MATERIAL SUPPLIED:
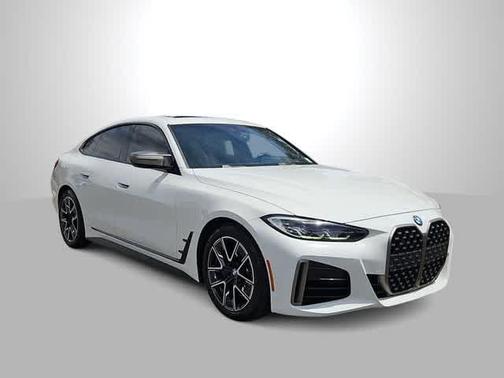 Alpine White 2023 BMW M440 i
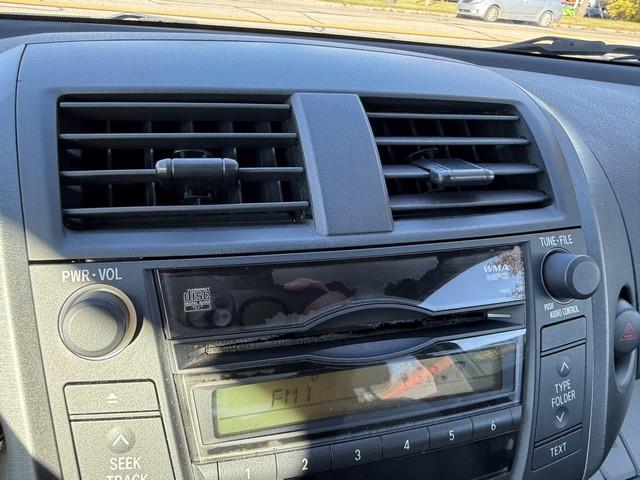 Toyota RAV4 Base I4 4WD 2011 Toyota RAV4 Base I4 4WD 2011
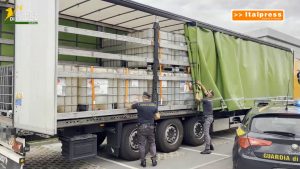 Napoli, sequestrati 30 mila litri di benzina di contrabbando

...

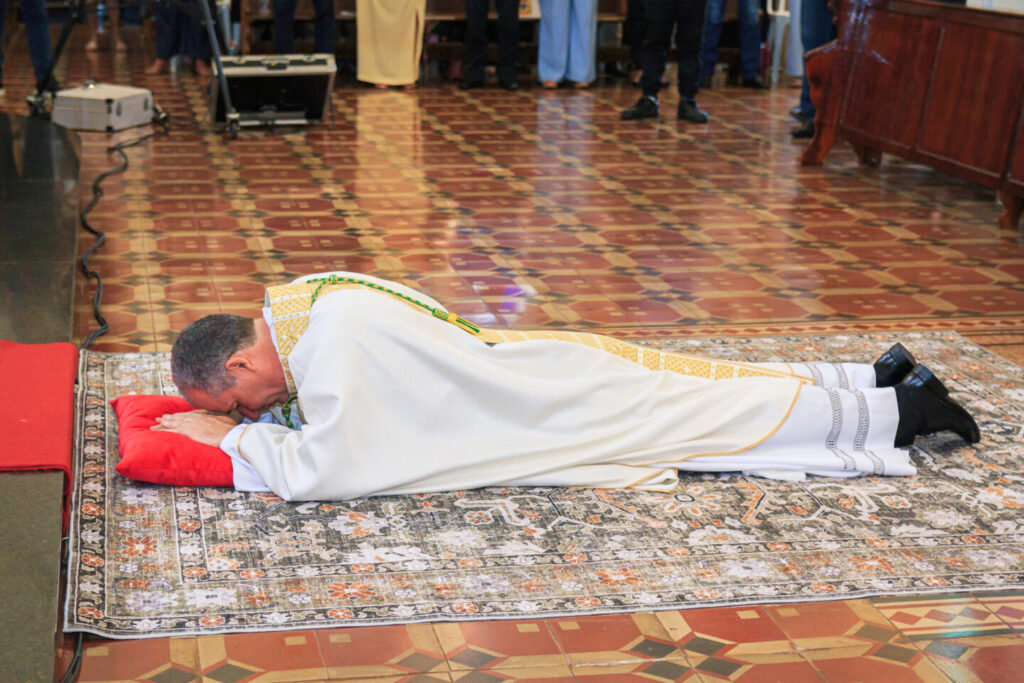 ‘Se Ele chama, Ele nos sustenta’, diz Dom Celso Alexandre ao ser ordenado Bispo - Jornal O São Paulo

==

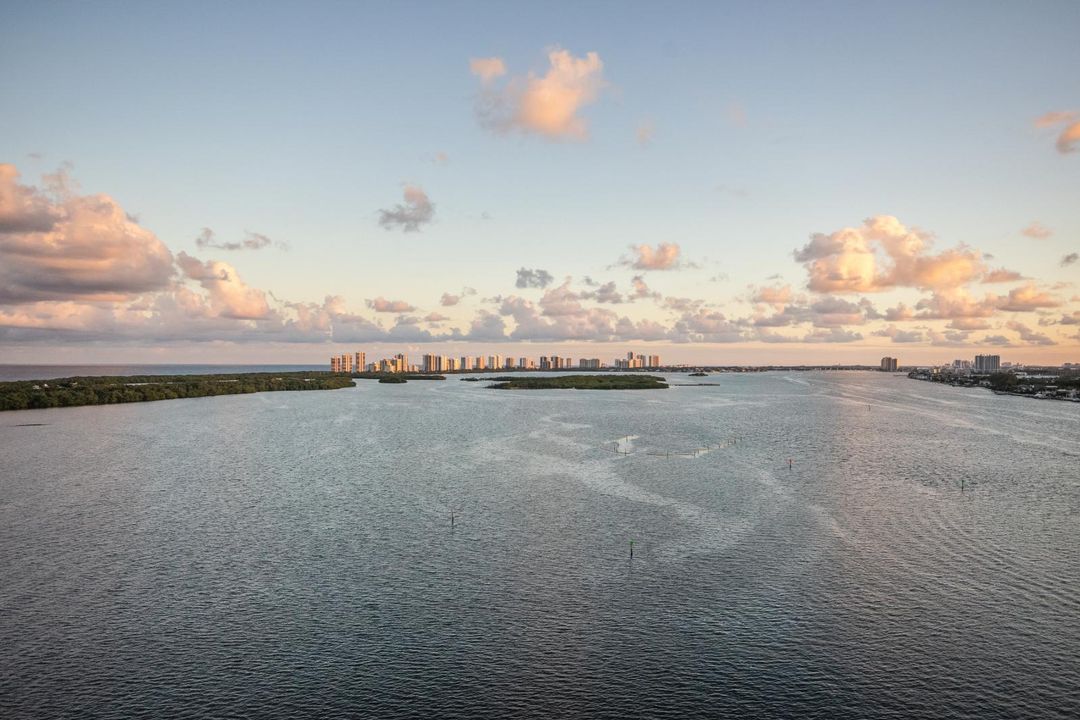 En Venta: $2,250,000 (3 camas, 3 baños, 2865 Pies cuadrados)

WHAT THE TASK ASKS: Skipping every picture, transcribe exactly the lines above from the one containing "Alpine White 2023 BMW M440 i" through the one containing "Napoli, sequestrati 30", both included.

TASK RESPONSE:
 Alpine White 2023 BMW M440 i
 Toyota RAV4 Base I4 4WD 2011 Toyota RAV4 Base I4 4WD 2011
 Napoli, sequestrati 30 mila litri di benzina di contrabbando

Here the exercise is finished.